The following mandatory keywords are recognized:

abday: Specify the abbreviated weekday names, corresponding to the %a field descriptor. The operand consists of seven semicolon separated strings, each surrounded by double quotes. The first string corresponds to Sunday, the second to Monday, and so on.
day: Specify the full weekday names, corresponding to the %A field descriptor. The operand consists of seven semicolon separated strings, each surrounded by double quotes. The first string corresponds to Sunday, the second to Monday, and so on.
abmon: Specify the abbreviated month names, corresponding to the %b field descriptor. The operand consists of twelve semicolon separated strings, each surrounded by double quotes. The first string corresponds to the first month (January), the second to the second month, and so on.
mon: Specify the full month names, corresponding to the %B field descriptor. The operand consists of twelve semicolon separated strings, each surrounded by double quotes. The first string corresponds to the first month (January), the second to the second month, and so on.
d_t_fmt: Specify the date and time representation, corresponding to the %c field descriptor. The operand consists of a string and can contain any combination of characters and field descriptors. In addition the string can contain escape sequences (\\, \a, \b, \f, \n, \r, \t, \v).
d_fmt: Specify the date representation, corresponding to the %x field descriptor. (Operand as for d_t_fmt.)
t_fmt: Specify the time representation, corresponding to the %X field descriptor. (Operand as for d_t_fmt.)
am_pm: Specify the AM/PM representation, corresponding to the %p field descriptor. The operand consists of two double-quoted strings, separated by a semicolon.
t_fmt_ampm: Specify the time representation in the 12-hour format, corresponding to the %r field descriptor. (Operand as for d_t_fmt.)
copy: Specifies the name of an existing locale from which to copy the definition of this section. If specified, no other keywords are allowed.
ABDAY_x: The abbreviated weekday names, where x is a number from 1 to 7.
DAY_x: The full weekday names, where x is a number from 1 to 7.
ABMON_x: The abbreviated month names, where x is a number from 1 to 12.
MON_x: The full month names, where x is a number from 1 to 12.
D_T_FMT: The appropriate date and time representation.
D_FMT: The appropriate date representation.
T_FMT: The appropriate time representation.
AM_STR: The appropriate AM affix.
PM_STR: The appropriate PM affix.
T_FMT_AMPM: The appropriate time representation in the 12 hour clock format with AM_STR and PM_STR.
ERA: The Era description segments (specifying how years are counted and displayed for each era in a locale).
ERA_D_FMT: The era date format.
ALT_DIGITS: Specifies the alternative symbols for digits, corresponding to the %O conversion specification modifier. The operands consist of semicolon-separated symbols. The first is the alternative symbol for zero, the second is the alternative symbol for one, and so on. (A maximum of 100 alternative symbols are supported.)

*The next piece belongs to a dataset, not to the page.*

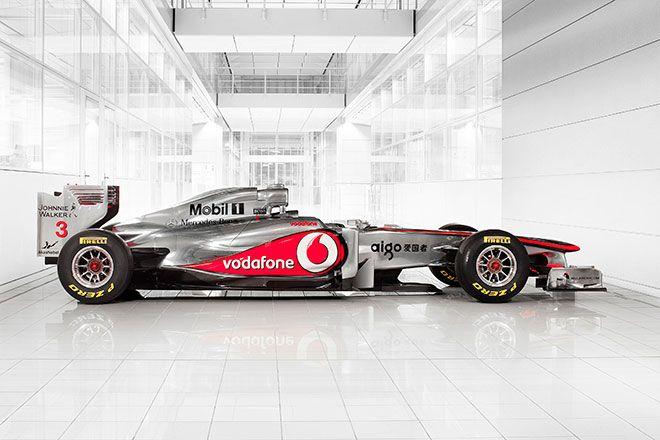 Vodafone McLaren Mercedes Logo - McLaren Crowdsources Building an F1 Car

See the X/Open Interface Definitions, Version 4 Issue 2 for further details.

LC_MESSAGES

This category defines the format and values for affirmative or negative responses. The following keywords are recognized:

yesexpr: Specifies an operand that describes the acceptable affirmative response to a question expecting a yes/no response. Operand is an extended regular expression.
noexpr: Specifies an operand that describes the acceptable negative response to a question expecting a yes/no response. Operand is an extended regular expression.
copy: Specifies the name of an existing locale from which to copy the definition of this section. If specified, no other keywords are allowed.

See the X/Open System Interface Definitions, Version 4 Issue 2 for further details.

References

awk(1), localedef(1), locale(1), locale(4), sort(1), uniq(1).

Standards conformance

localedef( ) is conformant with X/Open Interface Definitions, Version 4 Issue 2.